Luego de rodear la casa por ambos costados y cortar las líneas telefónicas, un grupo atravesó el patio hasta el fondo de la vivienda; el que lo encabezaba golpeó la puerta ventana del dormitorio principal.
El dueño de casa, sobresaltado, se levantó en pijamas y, desde adentro, les preguntó qué buscaban, en el mismo instante en que al menos cinco hombres armados penetraban a empellones en la vivienda.
Al grito de: «¡Esto es un allanamiento!» y llevándose todo por delante, inspeccionaron el resto de la casa. A punta de pistola y gritando órdenes, obligaron al dueño de casa y a los demás miembros de la familia a abandonar sus lechos y dirigirse al living, así como estaban, con lo puesto. No era la primera vez que se requisaba aquella vivienda que figuraba en las agendas de todos los servicios de inteligencia; en los últimos años lo había sido en seis oportunidades, pero nunca se habían llevado a nadie. Los miembros de la familia, conturbados por la prepotencia de los visitantes, pensaron que se trataba de uno más de esos procedimientos casi rutinarios a los que ya estaban acostumbrados, aunque algo les decía que esta vez las cosas serían diferentes. Que esta vez la peor tragedia se cernía sobre todos ellos como un ave de mal agüero.
Los intrusos permanecieron en la finca alrededor de una hora, quizá menos. Durante ese tiempo actuaron con desaprensión y extrema violencia, poniendo todo patas arriba, rompiendo y hurgando muebles y placares sin ninguna consideración ni recato.
A juzgar por las manchas de sangre que quedaron en la ropa de cama y en el piso del dormitorio principal, es probable que, en esos instantes dramáticos, algún miembro de la familia resultara lastimado, presumiblemente Josefa, la madre, que habría forcejeado con uno de los captores que la golpeó salvajemente. También vapulearon a José María (h), a quien le aplicaron culatazos y otros castigos corporales.
A los mayores de la casa los sacaron a los empujones, maniatados, amordazados y con los ojos vendados; vestidos a medias, los obligaron a subir a los automóviles que esperaban afuera con los motores en marcha y los faros encendidos. En uno de los vehículos subieron a padre e hijo y en otro a María José y a Mirta; Josefa, presumiblemente sin vida, fue alojada en el baúl de uno de los automóviles. Los dos menores, Víctor y María Eugenia, quedaron dentro de la vivienda; el niño encerrado en uno de los baños que daba al corredor, y la beba en el rellano de las escaleras, envuelta en una frazada.
Enseguida, la caravana partió raudamente, llevándose a José María Pujadas Valls; su esposa, Josefa Badell Suriol; José María Pujadas; la compañera de este, Mirta Yolanda Bustos, y María José Pujadas.

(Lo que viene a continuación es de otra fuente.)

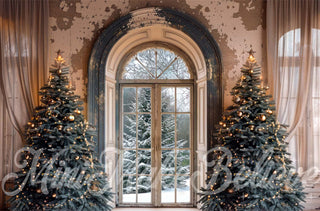 Kerst Wit Gordijn Grijs Retro Boogvenster Foto Achtergrond Ontworpen door Mini MakeBelieve
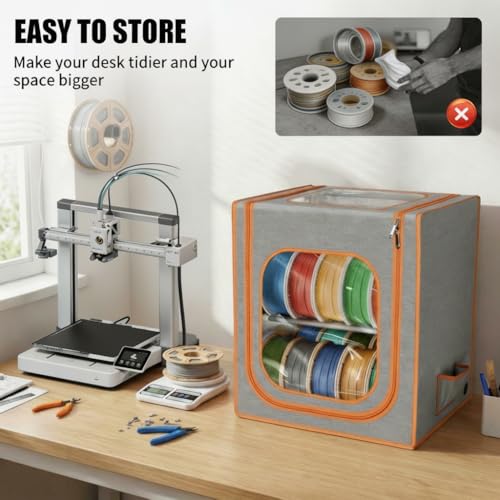 3D Printer Filament Storage Box, 2-Tier Metal Rack w/LED & Waterproof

Para evitar pasar frente al portón de ingreso del Liceo Militar, salieron directamente a la avenida Japón por el camino de tierra colindante a las vías del tren que desembocaba en esa arteria de circulación rápida. Los serenos no dieron mayores detalles: uno de ellos dijo haber visto dos automóviles, uno color blanco, posiblemente un Peugeot 504, y un individuo con una ametralladora en sus manos. El otro, al parecer no vio ni oyó nada: supuestamente estaba lejos de la casa, recorriendo las incubadoras.

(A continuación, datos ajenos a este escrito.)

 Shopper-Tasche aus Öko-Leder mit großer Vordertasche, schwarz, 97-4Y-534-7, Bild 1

En la vivienda, como se dijo, quedaron Víctor José, el menor de los Pujadas, y la pequeña María Eugenia, hija de José María (h) y Mirta Bustos. Y un cuadro desolador de tierra arrasada: desorden por todas partes, ropas tiradas sobre el piso, muebles fuera de lugar, gavetas y cajones abiertos y revueltos, manchas de sangre.